Discussion:
[ast-developers] |sigqueue()| fixes+|EAGAIN| handling etc. ...
Roland Mainz
2013-08-18 23:07:49 UTC
Permalink
Hi!

----

Attached (as "astksh20130814_sigqueuerepeat001.diff.txt") is a patch
which fixes a couple of problems with kill(1)'s |sigqueue()| support.

** Changes:
- kill(1) now has a --repeat option to repeat |sigqueue()| if it
returns with |EAGAIN|. It turns out this can happen *very* often if
the |SIGQUEUE_MAX| limit is reached. Since this happens very very
*OFTEN* (and the detection and re-try on shell level a bit cumbersome)
this option is "on" by default for -q/-Q but can be turned off via
--norepeat.

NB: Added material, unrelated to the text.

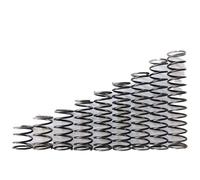 10 Uds. Diámetro del cable 0,4mm diámetro exterior 9mm resorte pequeño resorte de compresión longitud de acero 5-50mm(9x20mm)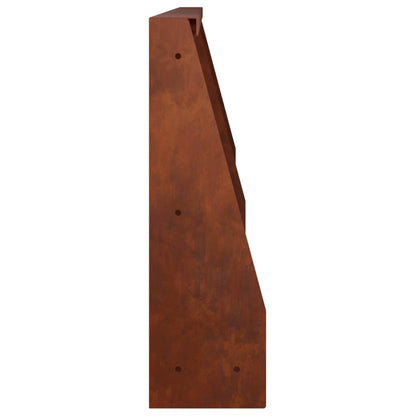 Retaining Wall 6 pcs 60 x 12 x 40 cm Weathering Steel Rusty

If |sigqueue()| is repeated kill(1) calles |sched_yield()|
(see "Notes" below) to prevent the receiving process from being
"starved" away from the CPU. Note that this can never result in an
endless loop as signals are queued in-order by the sending process as
long as there is space in the queue. Priority inversion and other
issues are avoided by using |sched_yield()|.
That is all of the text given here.